До четырех часов дня штурмовали фашисты небольшую группу чапаевцев. Невредимыми остались двое, но никто из раненых не покинул своего рубежа.

Во время пятой атаки в третий раз был ранен сержант Войтенко. Силы оставили его. Он часто терял сознание. Но даже в таком состоянии запретил отрывать людей для эвакуации его в тыл. [260]

Наконец враг бросил против горстки чапаевцев двенадцать «юнкерсов» — и камни превратились в пыль.

Но когда фашисты поднялись в атаку, их встретили огнем оставшиеся в живых стрелок Яровенко и пулеметчик Филатов.

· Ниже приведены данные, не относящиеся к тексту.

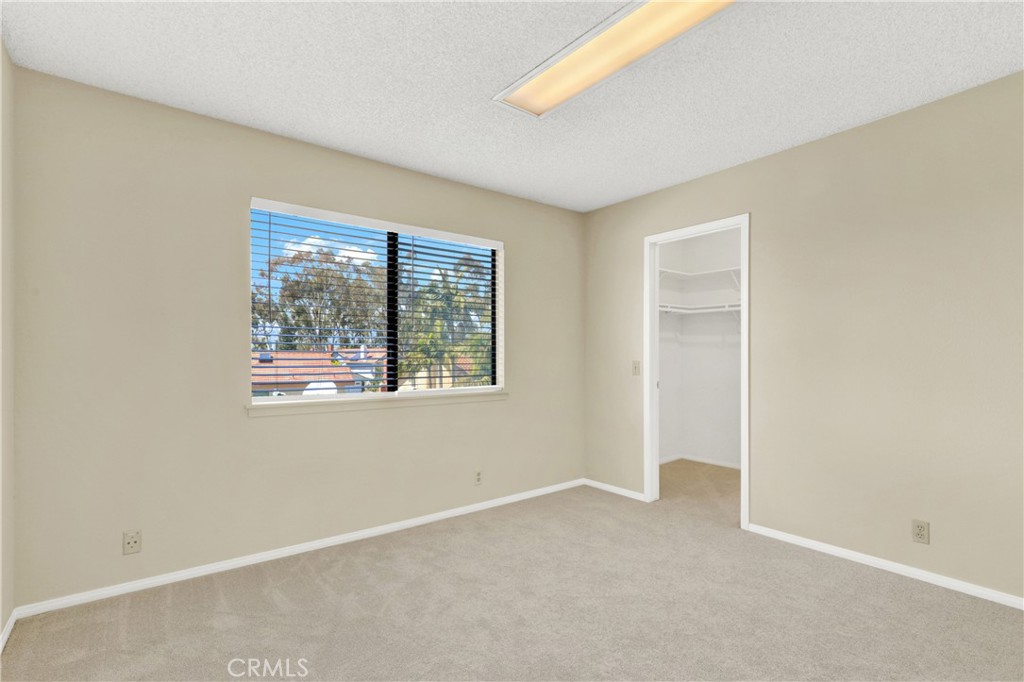 21371 Avenida Manantial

Несколько чапаевцев уничтожили семьдесят пять фашистов.

…Восемнадцатый день длится штурм. В среднем за сутки немцы продвигались на главном направлении на сто пятьдесят метров. Быть может, эта цифра говорит о стойкости севастопольцев больше, чем многое другое.

Командующий Севастопольским оборонительным районом вице-адмирал Ф. С. Октябрьский принял решение отвести части второго и третьего секторов ближе к городу. Решение было своевременным. Опоздай на сутки — и пути отхода были бы отрезаны.

Для частей Чапаевской дивизии сложилась опасная обстановка. Противник предпринял попытку окружить и уничтожить нас. Сорвали замысел врага части второго сектора своим сопротивлением на рубеже Федюхиных высот. Фашисты вынуждены были перейти к планомерному наступлению с фронта.

Во второй половине дня 25 июня две пехотные дивизии при поддержке танков, после продолжительного артобстрела и бомбежки, стали продвигаться вперед по южному склону Мартыновского оврага к Инкерманским высотам. Одновременно враг наступал в направлении Новых Шулей и Сахарной головки.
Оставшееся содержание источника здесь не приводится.